**Requirement**
Return the data below exactly, please, but drop the pictures.

**Provided data**
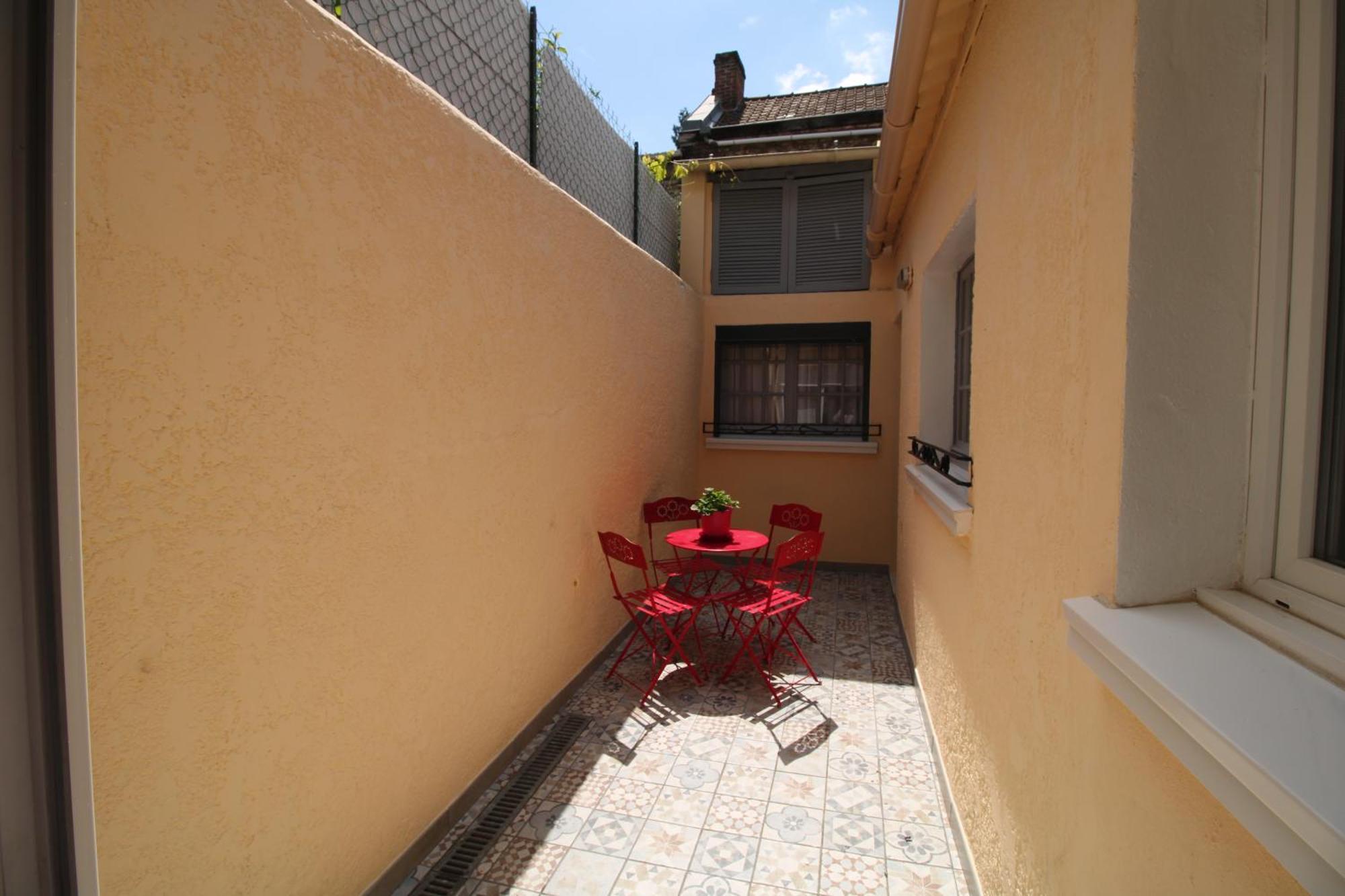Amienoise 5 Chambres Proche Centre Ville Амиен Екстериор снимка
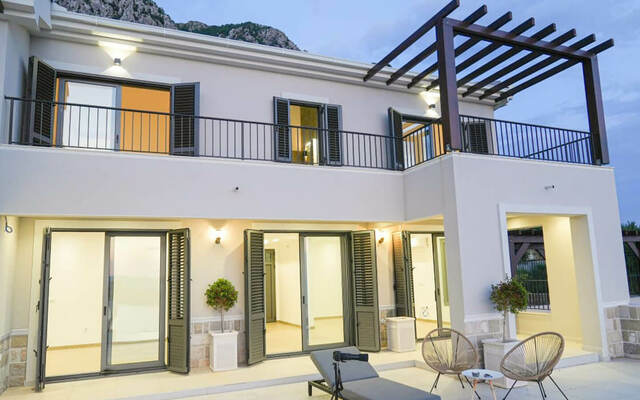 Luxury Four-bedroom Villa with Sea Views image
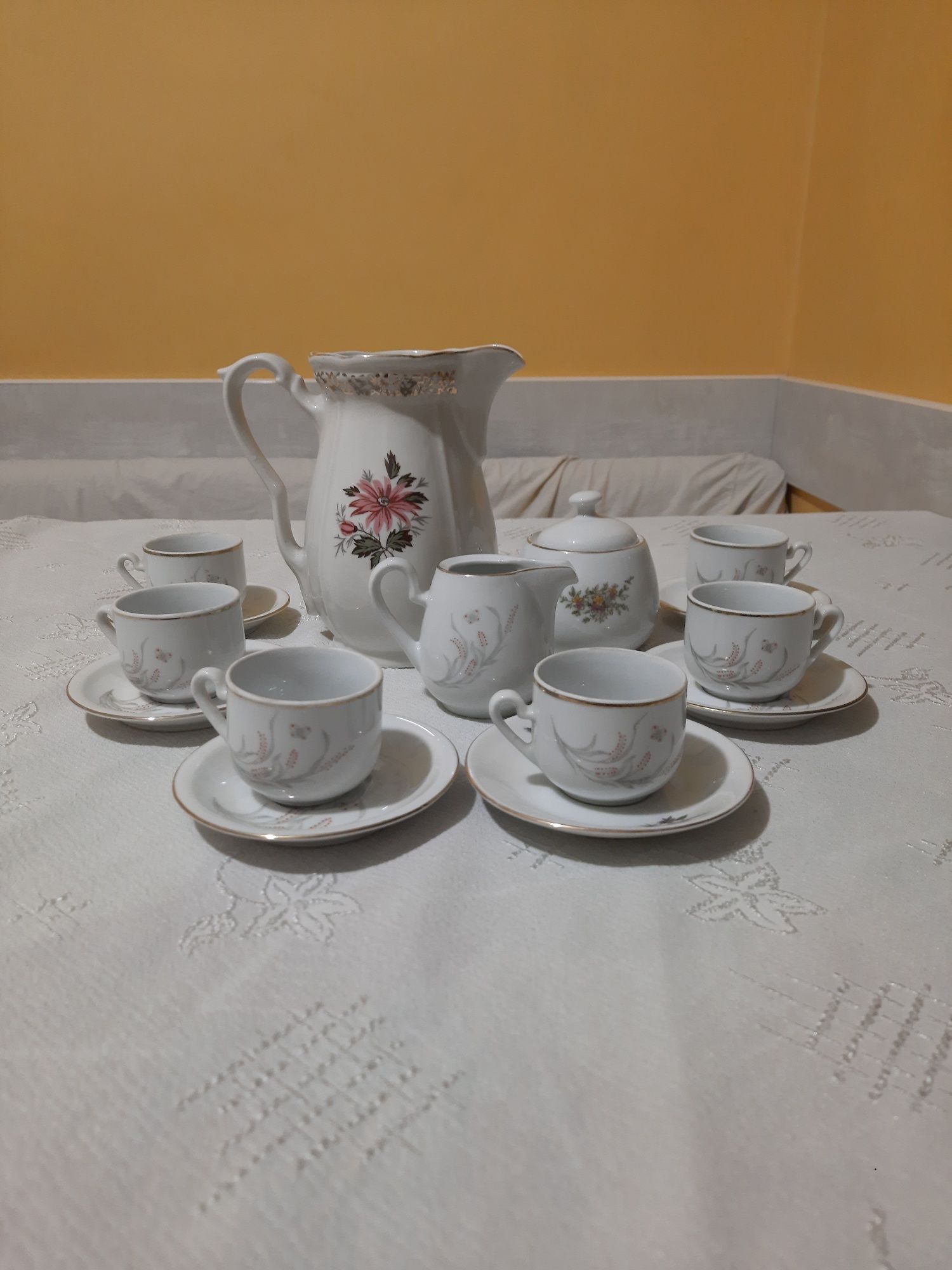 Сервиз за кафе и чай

**Solved problem**
Amienoise 5 Chambres Proche Centre Ville Амиен Екстериор снимка
 Luxury Four-bedroom Villa with Sea Views image
 Сервиз за кафе и чай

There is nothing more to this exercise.